TASK DETAILS:
Return the records word for word. Pictures do not belong in the copy.

··········

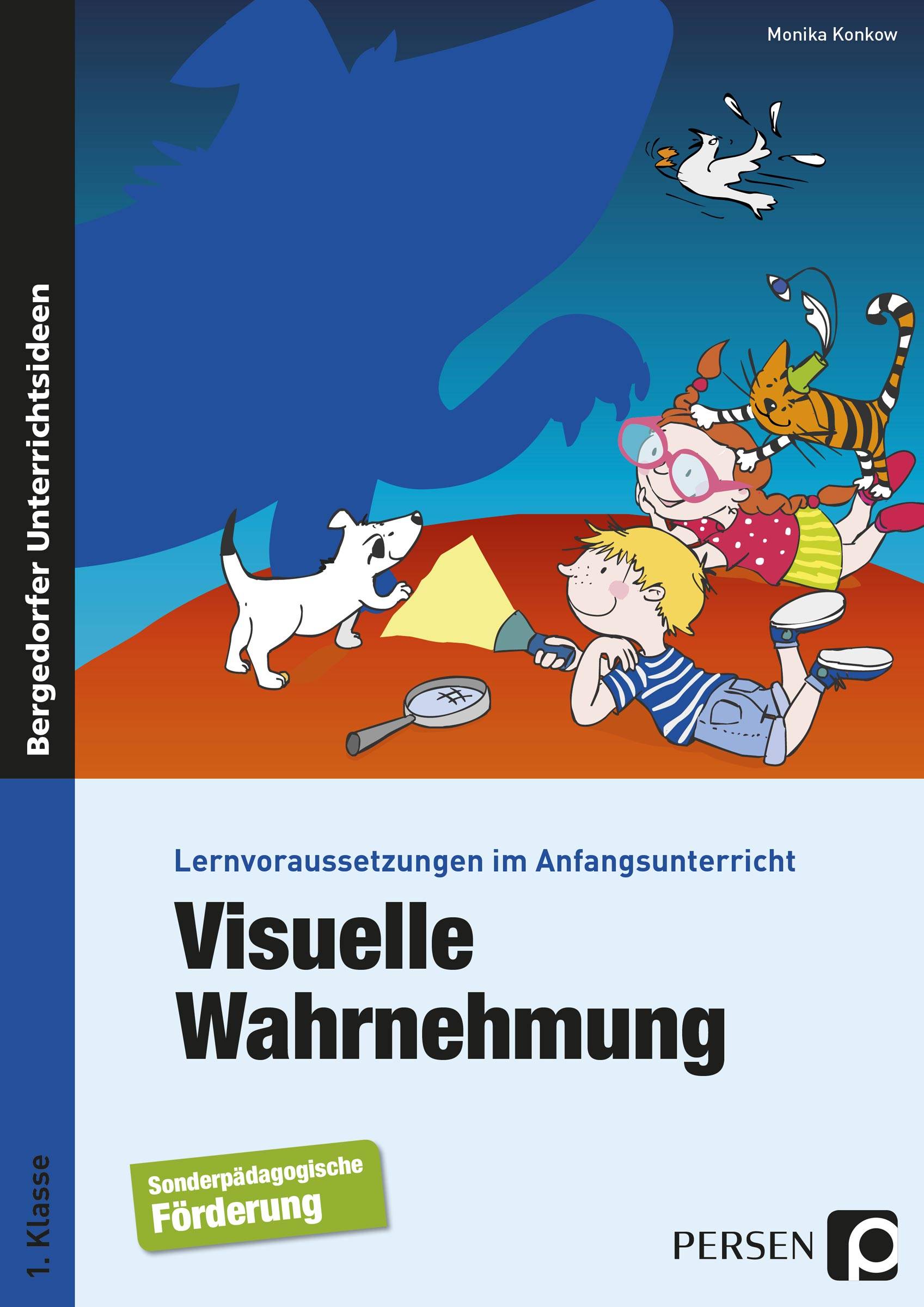 Visuelle Wahrnehmung Lernvoraussetzungen im Anfangsunterricht (1. Klasse/Vorschule)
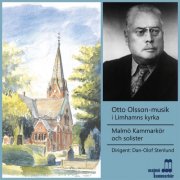 Malmö Kammarkör & Dan-Olof Stenlund - Otto Olsson-musik i Limhamns kyrka (2026) Hi-Res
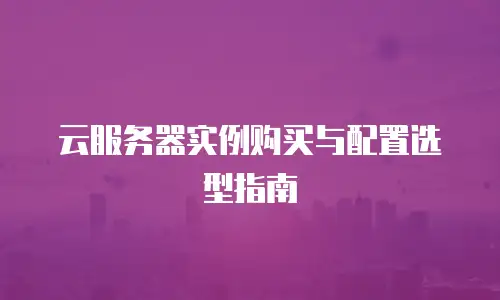 云服务器实例购买与配置选型指南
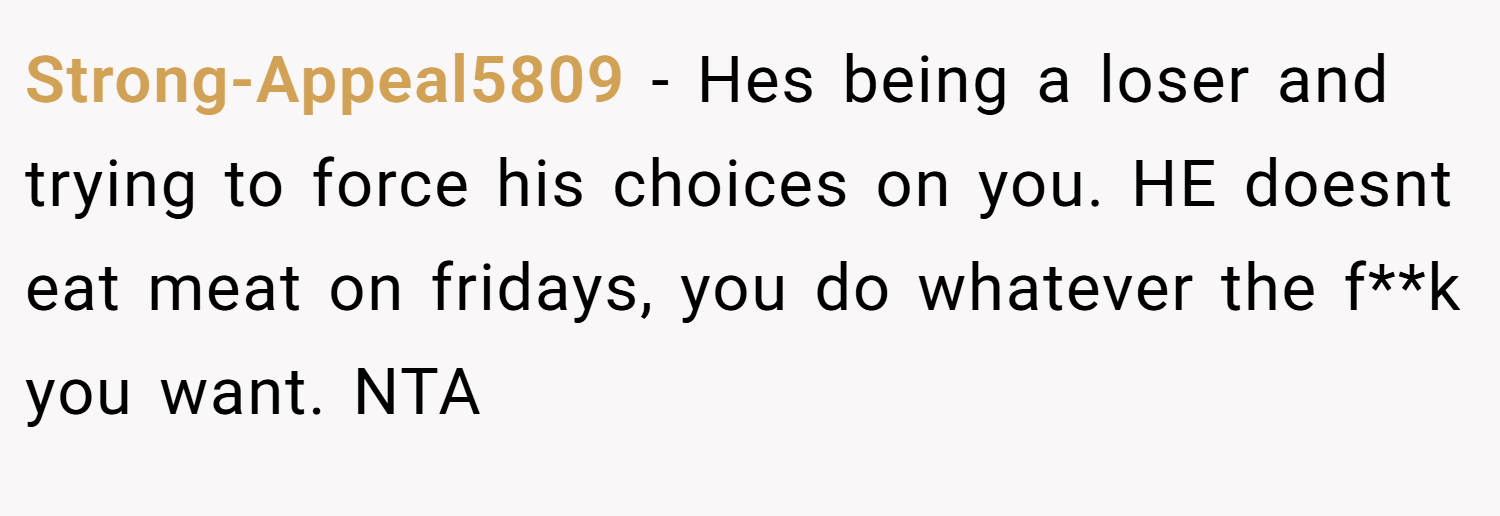 Strong-Appeal5809 − Hes being a loser and trying to force his choices on you. HE doesnt eat meat on fridays, you do whatever the f**k you want. NTA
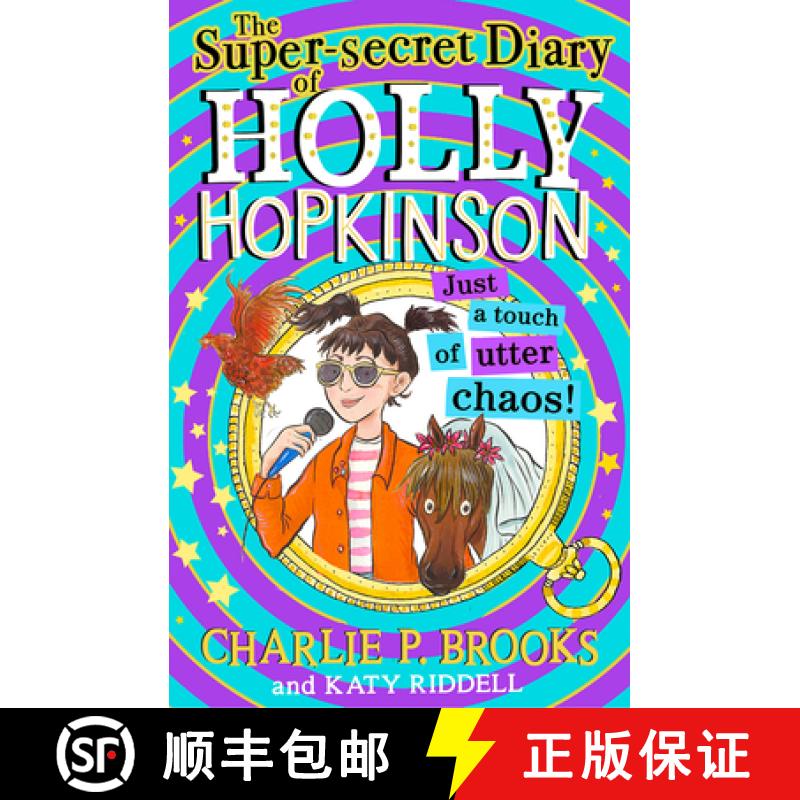 【3-4周达】Super-Secret Diary of Holly Hopkinson: Just a Touch of Utter Chaos [9780008328214]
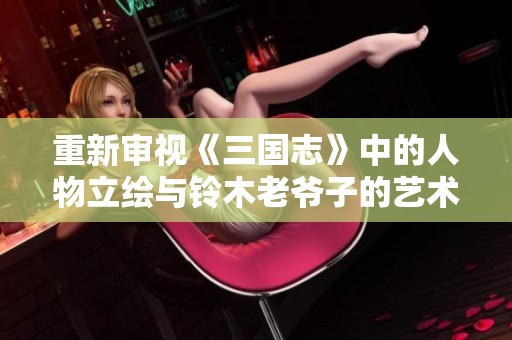 重新审视《三国志》中的人物立绘与铃木老爷子的艺术风格融合的独特印象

··········

SOLUTION TO THIS TASK:
 Visuelle Wahrnehmung Lernvoraussetzungen im Anfangsunterricht (1. Klasse/Vorschule)
 Malmö Kammarkör & Dan-Olof Stenlund - Otto Olsson-musik i Limhamns kyrka (2026) Hi-Res
 云服务器实例购买与配置选型指南
 Strong-Appeal5809 − Hes being a loser and trying to force his choices on you. HE doesnt eat meat on fridays, you do whatever the f**k you want. NTA
 【3-4周达】Super-Secret Diary of Holly Hopkinson: Just a Touch of Utter Chaos [9780008328214]
 重新审视《三国志》中的人物立绘与铃木老爷子的艺术风格融合的独特印象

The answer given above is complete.